谷口吉郎は、日本の文化の巧みな使い手だった

(日経「春秋」2014/8/18付) 明治時代の建造物を移築した愛知県犬山市博物館明治村は来年で開業から50年になる。貴重な古い建物が取り壊されていくのを惜しみ、この野外博物館の構想を描いた谷口吉郎は、明治建築の何にひかれたのだろう。明治村に集めたものは、日本で育まれた素材や意匠を西洋建築に上手に織り込んでいる。そこに谷口の視線は注がれていたのではないか。彼自身、日本の文化の巧みな使い手だった。評価が高いのがホテルオークラ東京の本館メーンロビーだ。和洋が調和した世界を創り上げたのは明治村が開業する3年前のことだ。本館は老朽化で38階建て高層棟への建て替えが決まった。今のメーンロビーがなくなるのを残念がる声は外国人からも多いが、ホテルに聞くと新しい本館も日本の伝統美を受け継いだ造りにするそうだ。基本計画づくりには谷口の息子で建築家として数々の受賞歴がある吉生氏が加わる。父を超える和の空間を期待したい。
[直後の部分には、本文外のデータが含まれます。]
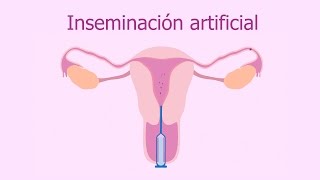 Inseminación artificial [upl. by Otipaga]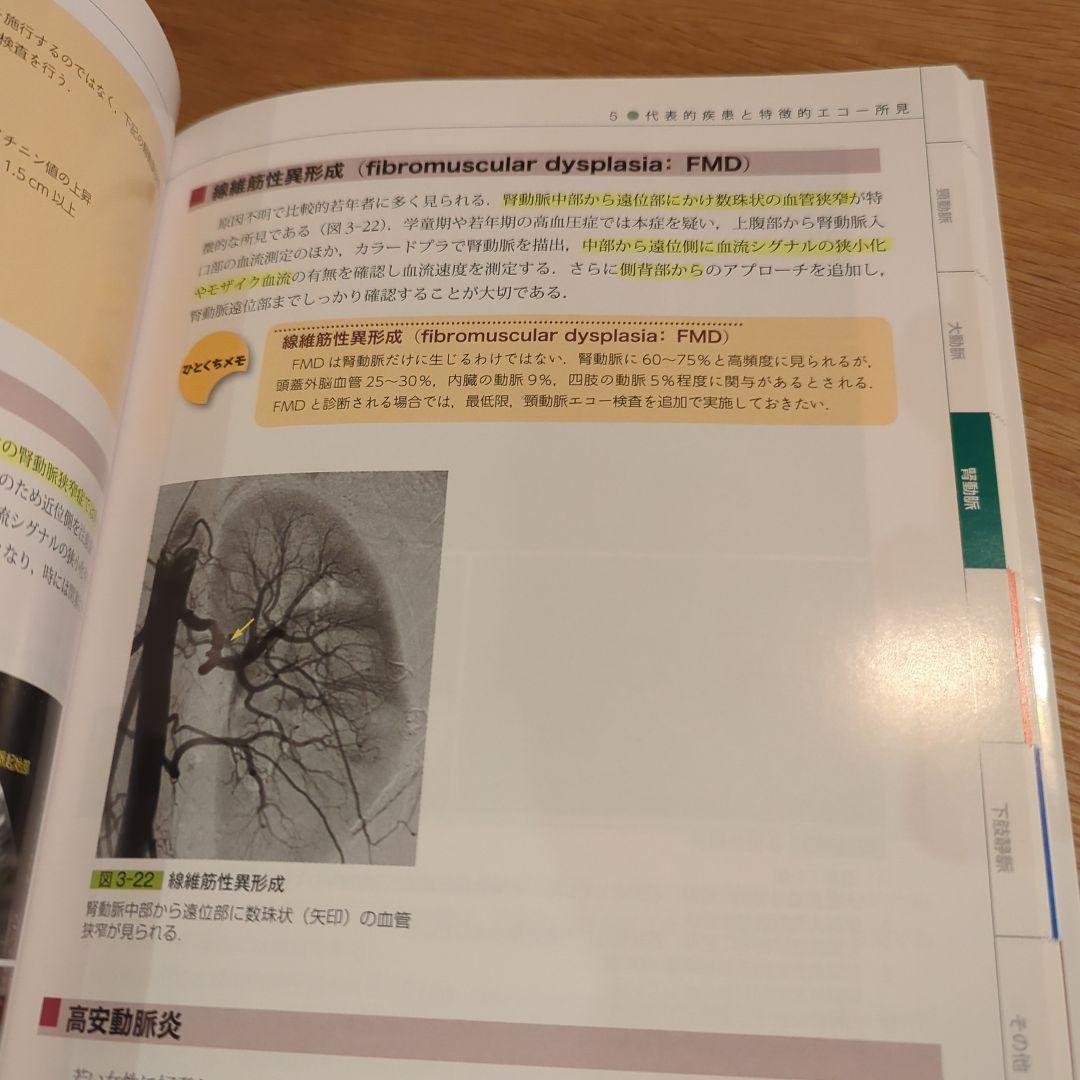 めざせ!血管エコー職人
(JN) 過去の貴重なものを残して行きたい。でも、現実には、それを古いものとして、スクラップして行くしかないことは悲しい。最近はでデジタル技術が発達して、様々なものがデータとして残すことができるようになり、現物は無くなっても、それを視聴覚で捉えることができるようになった。しかし、現物に勝るものはない。何とか保存できないものであろうか。建物となるとそれは尚更であり、それが空間を占領してしまう。更なるデジタル技術の発達で、立体的なものも現物のように空間を経験できるようになるであろうか。光や空気も感じられるものができるであろうか。何れにしても、現実の世界はスクラップ・アンド・ビルドで、古いものは消えてゆく。古きもの、それが良いものであろうとそうでないものであろうと壊されるが、そこから全く新たなものがつくられるわけではない。私たちは過去の財産の上に、新たなものを重ねていくのであろう。私たちは、その重ねる場所が確かな場所であることを見出すために、過去の歴史と今残る現物を確りと見つめよう。